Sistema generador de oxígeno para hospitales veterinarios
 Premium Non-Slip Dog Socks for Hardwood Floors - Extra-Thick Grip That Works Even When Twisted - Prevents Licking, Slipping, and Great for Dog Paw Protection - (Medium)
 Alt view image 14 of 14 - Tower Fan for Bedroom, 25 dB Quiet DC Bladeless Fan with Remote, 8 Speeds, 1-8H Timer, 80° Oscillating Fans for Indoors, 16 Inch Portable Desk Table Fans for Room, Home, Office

### To do
Transcribe the material so that every line matches the original exactly.

### Exercise result
Sistema generador de oxígeno para hospitales veterinarios
 Premium Non-Slip Dog Socks for Hardwood Floors - Extra-Thick Grip That Works Even When Twisted - Prevents Licking, Slipping, and Great for Dog Paw Protection - (Medium)
 Alt view image 14 of 14 - Tower Fan for Bedroom, 25 dB Quiet DC Bladeless Fan with Remote, 8 Speeds, 1-8H Timer, 80° Oscillating Fans for Indoors, 16 Inch Portable Desk Table Fans for Room, Home, Office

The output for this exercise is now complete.